Before everyone begins going "yes death to micro$oft", you should perhaps take a moment to think about just how stupid this patent is. Why is opening XML in a word processor copyrighted? Do any of you remember the Anascape thing with Nintendo where they were sued over detecting motion in a controller? These guys are patent-sitters. If Microsoft were the one using this against some poor, defenseless open-source dudes, there would be hell to pay.



			
				Mr Accident said:
			
		

> 1. i4i is basically a patent troll; they abused the general ignorance of patent officials to obtain a patent for a fairly obvious process — essentially, using XML documents for word processing. Then they waited for somebody with deep pockets to come along and use it, which they certainly would, since the idea was stupidly obvious and strictly speaking they never should have been granted a patent for it.
> 2. OpenOffice is not safe, since it also is capable of reading XML-formatted documents, including Microsoft’s formats. So, if Microsoft doesn’t win their appeal, it’s only a matter of time before OpenOffice suffers the same fate.
> 3. Microsoft Office uses a standard, open format for XML office documents. You guys really think it’s a good thing for a patent troll to force them back to proprietary formats?
> 
> i4i’s patent has no merit; it comes from the same sort of ignorance that has allowed patents for things like news feeds (in a web browser!) and “collecting user feedback” (but on the INTERNET, so it must be original, right?). If this sort of patent practice is allowed to continue, it will hurt everybody, but especially it will hurt the free and open source software developers who don’t have the cash to defend themselves against absurd patent claims.


----------



## Vyraura (Aug 13, 2009)

jesus

how can the patent office be that stupid.
I think ill try to patent the process of using your ipod to store un-accessable data simply as a backup, then. or something equally universal.


----------



## Lady Grimdour (Aug 13, 2009)

Well Microsoft can just counter-sue them with that claim of abusing a patent. That has to be illegal.


----------



## Tailsy (Aug 13, 2009)

yes death to micro$oft

I mean, er, how terrible and dumb of them


----------



## H-land (Aug 13, 2009)

I believe that USA Today presented this as a "David and Goliath" type battle.
So I'm supposed to be rooting for Goliath?


----------



## Lady Grimdour (Aug 13, 2009)

Honalululand said:


> I believe that USA Today presented this as a "David and Goliath" type battle.
> So I'm supposed to be rooting for Goliath?
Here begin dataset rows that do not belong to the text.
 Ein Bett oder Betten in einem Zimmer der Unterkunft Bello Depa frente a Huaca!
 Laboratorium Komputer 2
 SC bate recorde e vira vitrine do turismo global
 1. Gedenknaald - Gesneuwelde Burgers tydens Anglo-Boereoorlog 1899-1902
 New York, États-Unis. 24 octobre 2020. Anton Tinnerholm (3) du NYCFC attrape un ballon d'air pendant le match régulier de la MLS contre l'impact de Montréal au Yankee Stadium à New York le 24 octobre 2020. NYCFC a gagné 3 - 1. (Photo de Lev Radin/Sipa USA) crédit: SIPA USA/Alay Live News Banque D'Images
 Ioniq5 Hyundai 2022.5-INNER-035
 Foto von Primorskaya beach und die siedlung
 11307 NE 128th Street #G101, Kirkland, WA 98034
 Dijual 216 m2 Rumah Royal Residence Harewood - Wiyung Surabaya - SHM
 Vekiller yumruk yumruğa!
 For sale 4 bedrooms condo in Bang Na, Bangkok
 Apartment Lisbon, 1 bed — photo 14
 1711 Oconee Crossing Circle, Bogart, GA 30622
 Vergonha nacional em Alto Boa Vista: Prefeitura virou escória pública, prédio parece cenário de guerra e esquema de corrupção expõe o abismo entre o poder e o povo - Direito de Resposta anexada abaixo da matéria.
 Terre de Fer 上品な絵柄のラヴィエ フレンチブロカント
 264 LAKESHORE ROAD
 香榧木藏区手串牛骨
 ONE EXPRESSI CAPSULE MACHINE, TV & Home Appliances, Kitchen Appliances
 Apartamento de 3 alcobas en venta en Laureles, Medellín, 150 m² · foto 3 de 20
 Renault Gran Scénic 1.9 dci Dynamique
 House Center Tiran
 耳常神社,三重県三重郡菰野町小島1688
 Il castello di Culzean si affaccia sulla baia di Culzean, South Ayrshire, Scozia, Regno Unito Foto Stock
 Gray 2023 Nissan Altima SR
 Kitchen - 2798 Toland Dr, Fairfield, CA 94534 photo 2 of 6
Yes if David used a shotgun.


----------



## Vladimir Putin's LJ (Aug 13, 2009)

Well Goliath was a pretty cool guy so I don't know whether everyone will like the analogy.


----------



## Diz (Aug 13, 2009)

Well, Word is a very widely used program, as well as anything else Microsoft produces. It'll be pretty bad if it is split up into, what was it? two different companies? 

I dislike Microsoft as much as most everybody here, but I still use their products. This patent troll shouldn't win.

*Edit:* How did a Canadian based company get a US patent?


----------



## Yarnchu (Aug 13, 2009)

Cause Canadians are Americans too.

Actually, that makes no sense. Maybe a US office?


----------



## Blastoise Fortooate (Aug 13, 2009)

I miss the days when Einstein worked in the patent office.


----------